Segment Open

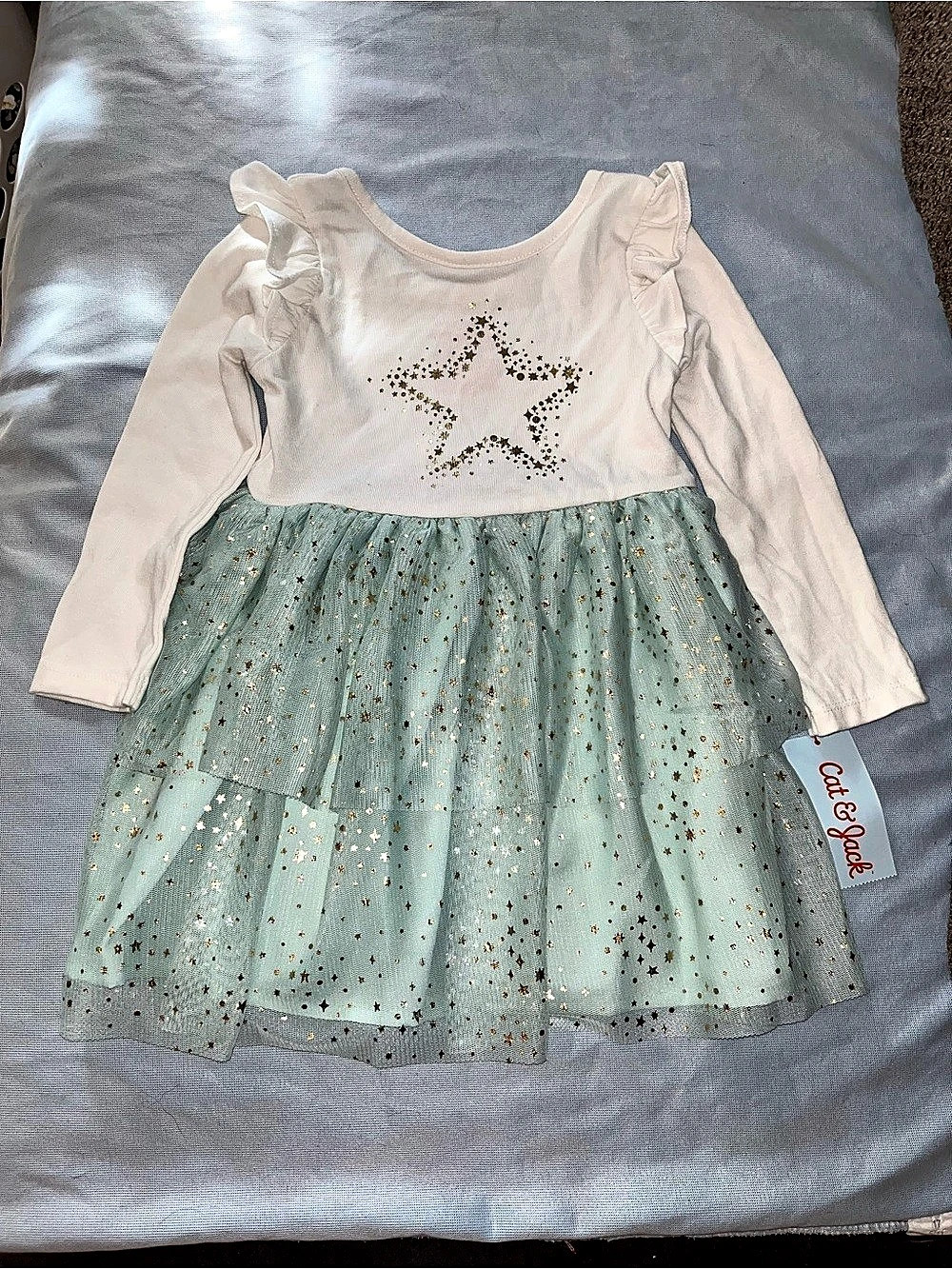 Cat & Jack Long Sleeve Star Mesh Tutu Dress Girls 2T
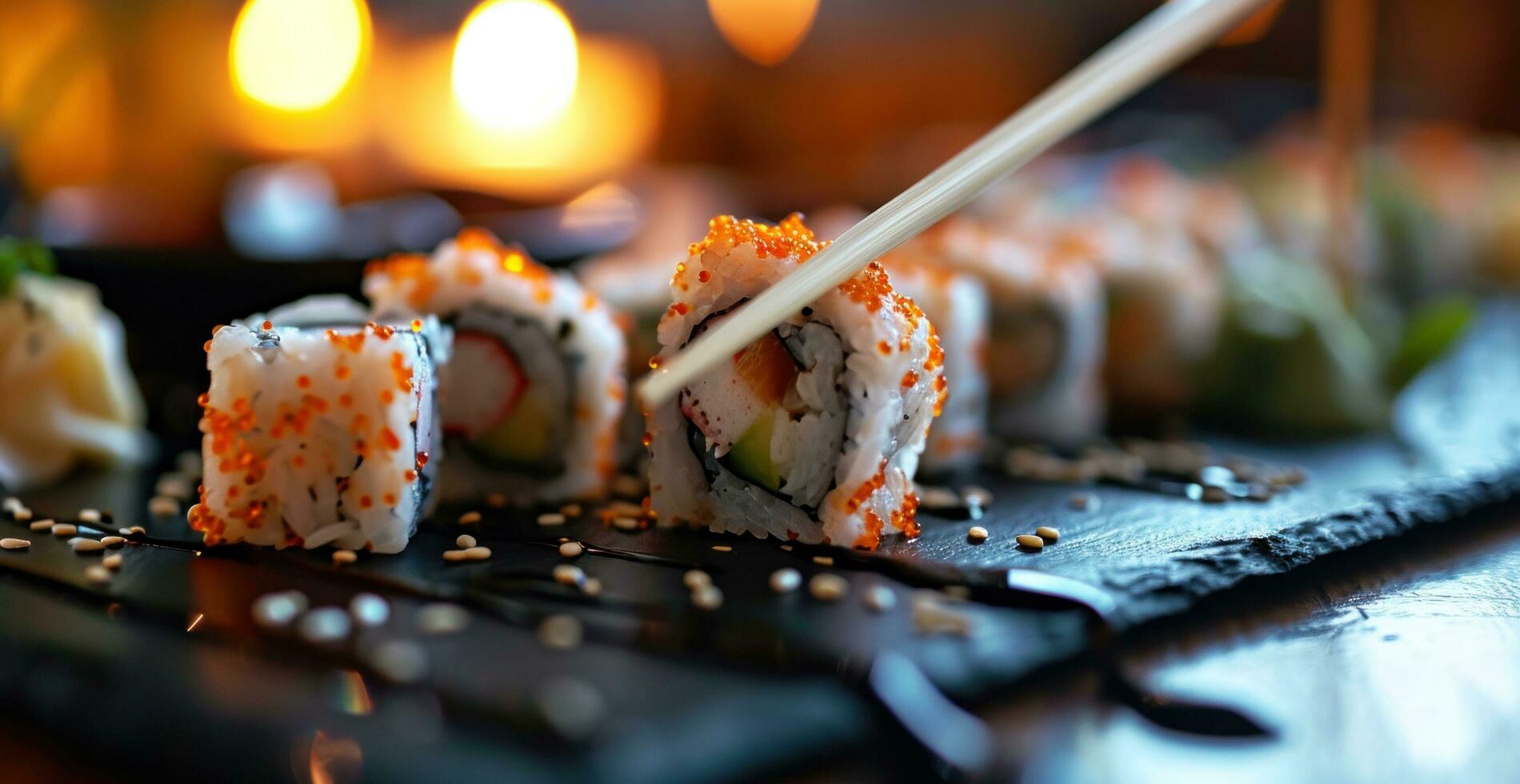 ai generato Sushi e tofu su un' argento piatto foto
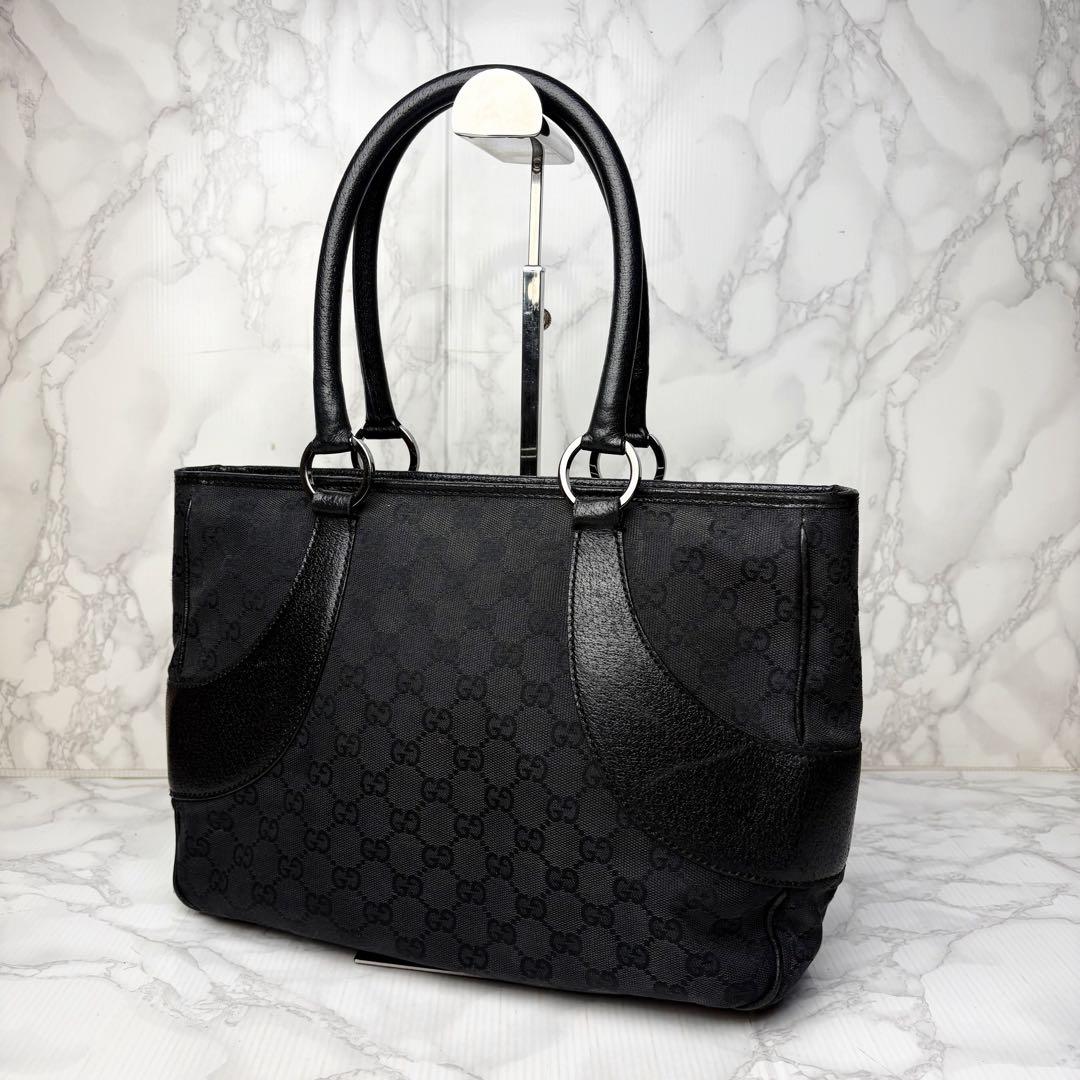 081 美品 GUCCI トートバッグ ハンドバッグ GGキャンバス yd6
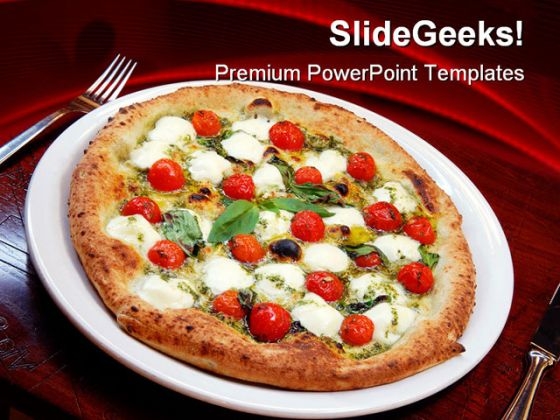Pizza With Tomatoes And Cheese Food PowerPoint Themes And PowerPoint Slides 0311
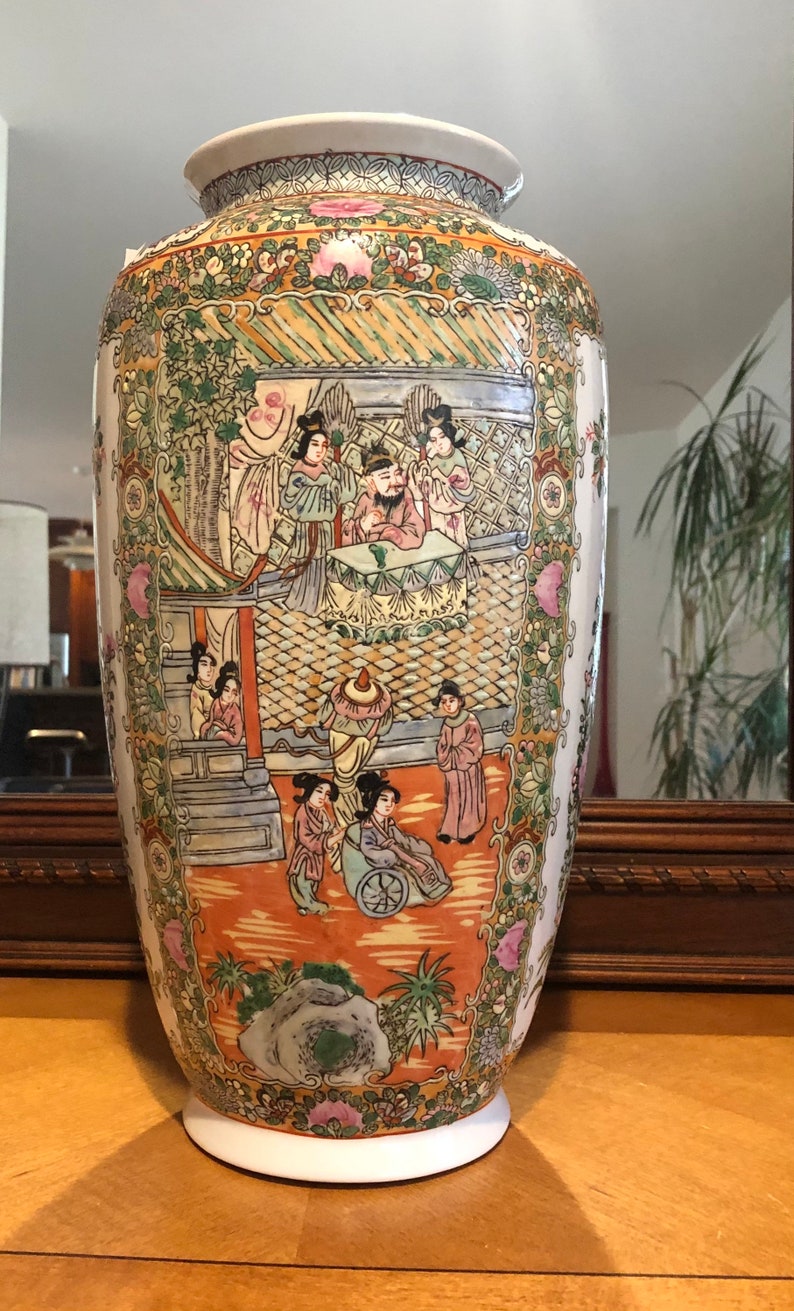 Tall Rose Medallion Vase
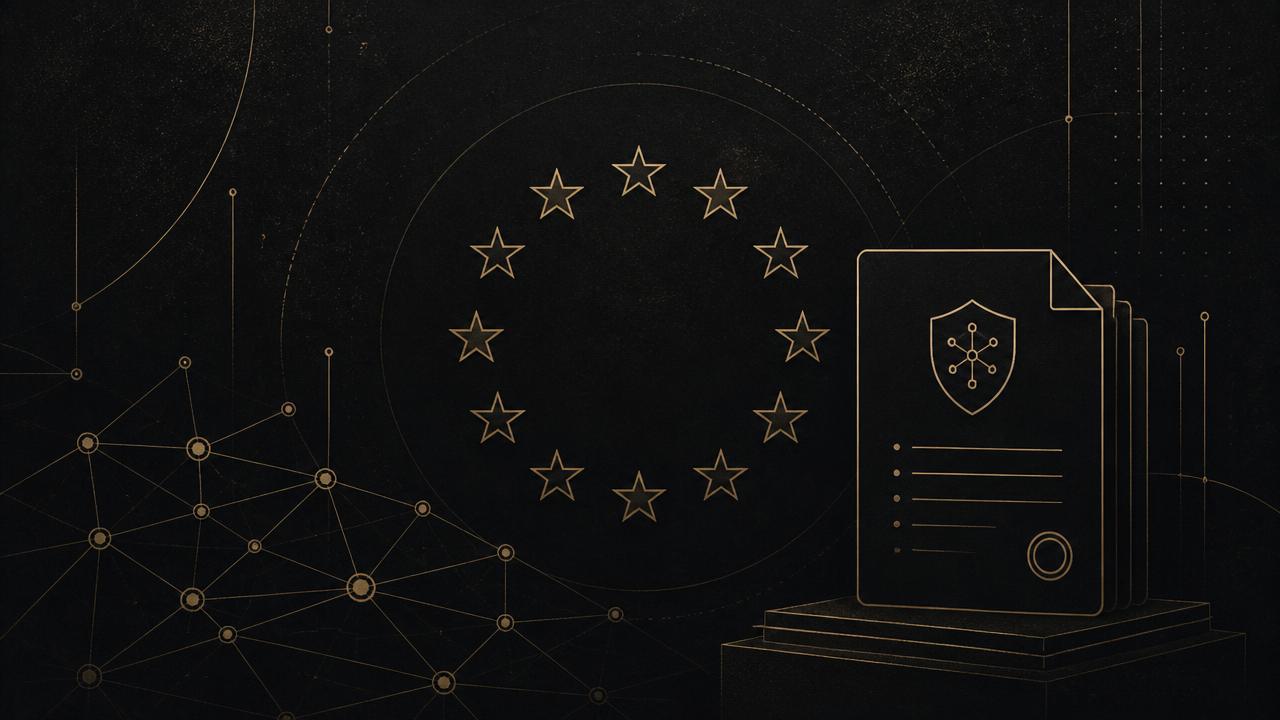 Illustration dorée de la directive européenne NIS2 et d'un réseau de nœuds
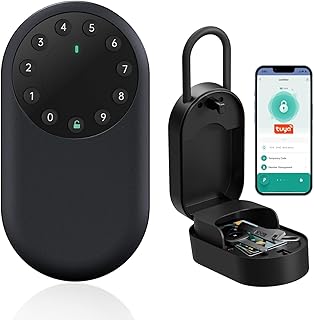 SEPOX Smart Key Lockbox, Portable & Outdoor Wall Mounted Key Safe with Bluetooth & App Control – Weatherproof Aluminum, An…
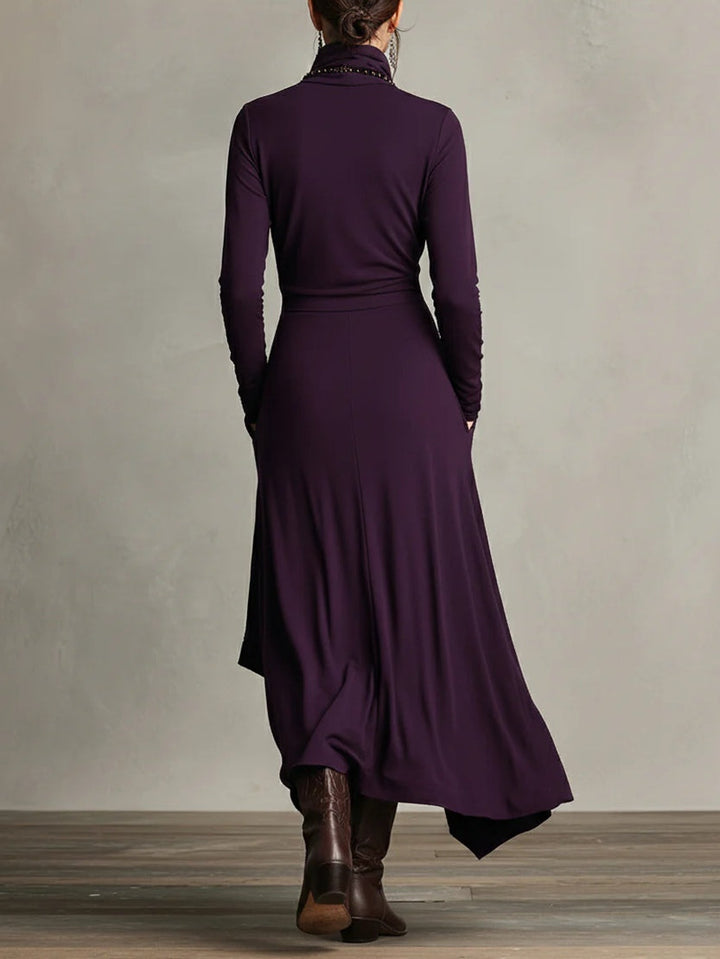 Aurelia Asymmetric Pleated Maxi Dress With High Collar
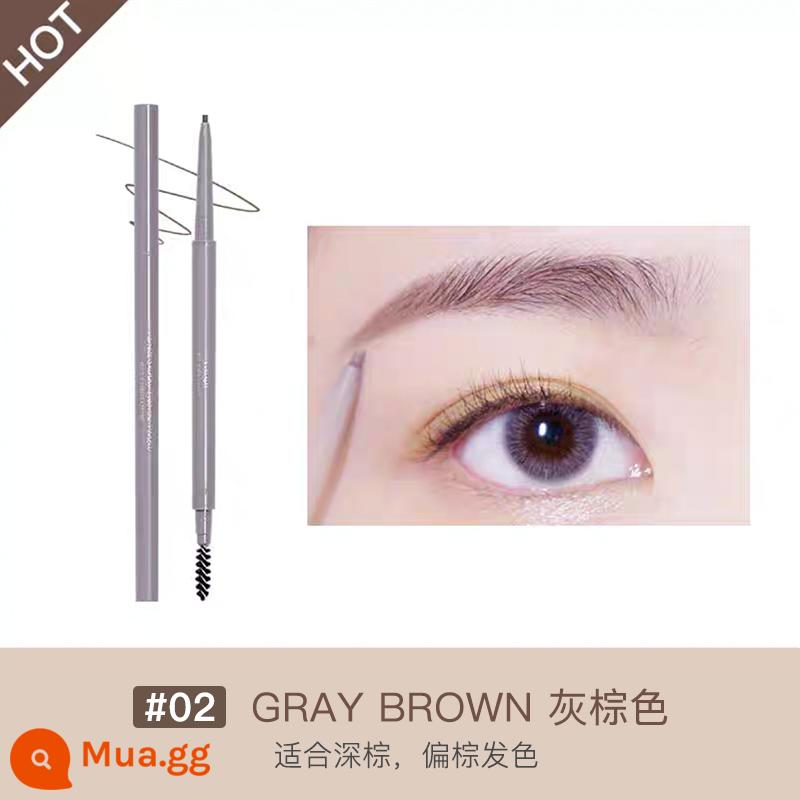 [Giảm giá 15% cho 2 cây] Judydoll Orange Brow Pencil Không thấm nước Hai đầu Đầu mịn xoay màu tự nhiên - 02 màu nâu xám (nạp 1.5mm)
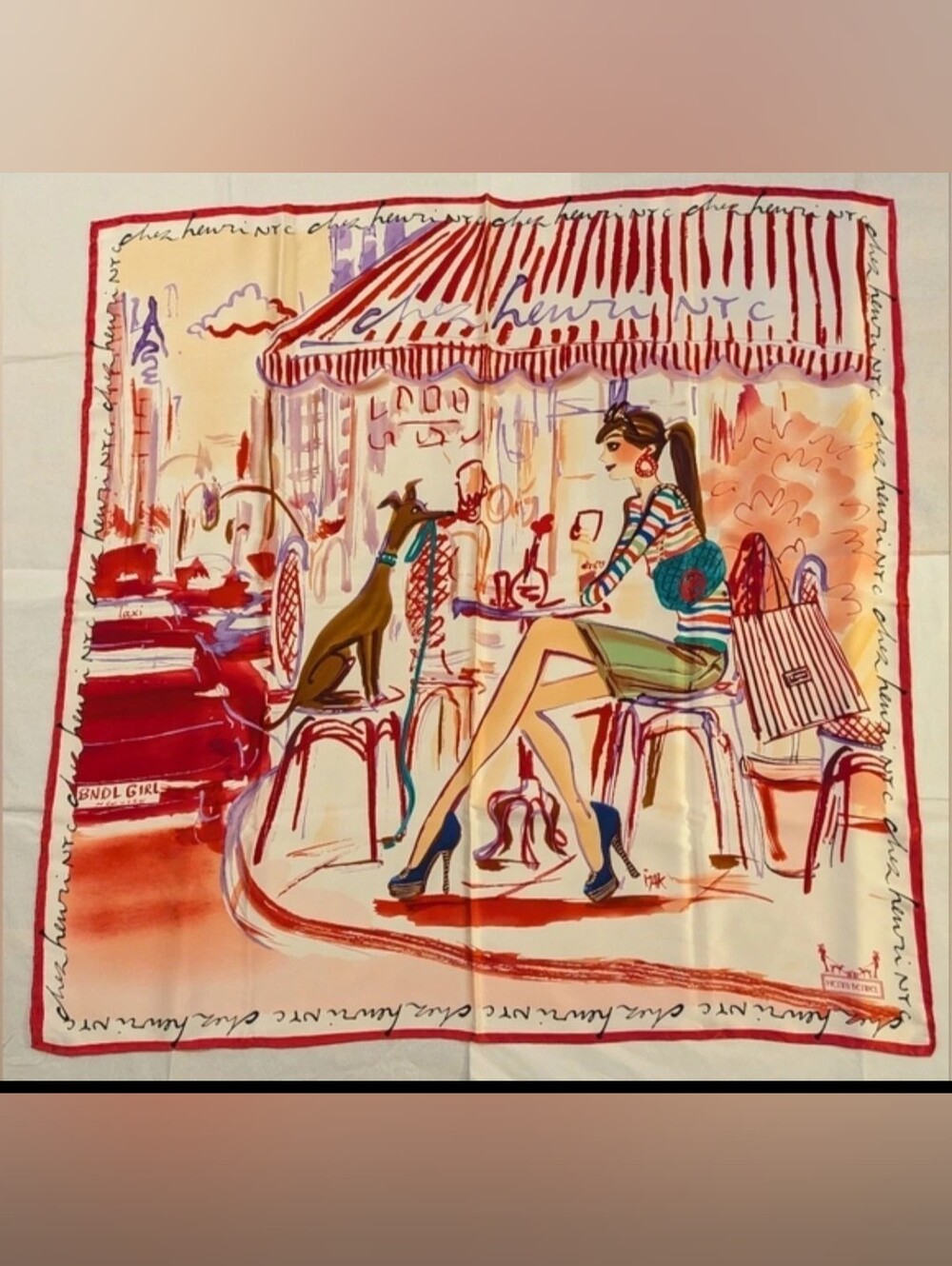 Henri Bendel Whippet Dog & Cafe Girl Scarf, RARE, Limited Edition - New, No Tags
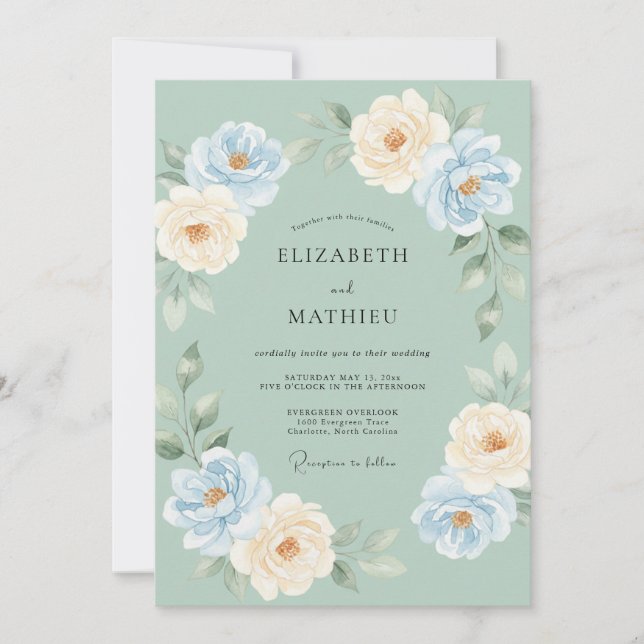 Invitation Mariage Botanique Aérien Bleu Menthe (Devant)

Segment Closed

Required action ▸ Without the pictures, reproduce the entries exactly.

Solution to the problem ▸
 Cat & Jack Long Sleeve Star Mesh Tutu Dress Girls 2T
 ai generato Sushi e tofu su un' argento piatto foto
 081 美品 GUCCI トートバッグ ハンドバッグ GGキャンバス yd6
Pizza With Tomatoes And Cheese Food PowerPoint Themes And PowerPoint Slides 0311
 Tall Rose Medallion Vase
 Illustration dorée de la directive européenne NIS2 et d'un réseau de nœuds
 SEPOX Smart Key Lockbox, Portable & Outdoor Wall Mounted Key Safe with Bluetooth & App Control – Weatherproof Aluminum, An…
 Aurelia Asymmetric Pleated Maxi Dress With High Collar
 [Giảm giá 15% cho 2 cây] Judydoll Orange Brow Pencil Không thấm nước Hai đầu Đầu mịn xoay màu tự nhiên - 02 màu nâu xám (nạp 1.5mm)
 Henri Bendel Whippet Dog & Cafe Girl Scarf, RARE, Limited Edition - New, No Tags
 Invitation Mariage Botanique Aérien Bleu Menthe (Devant)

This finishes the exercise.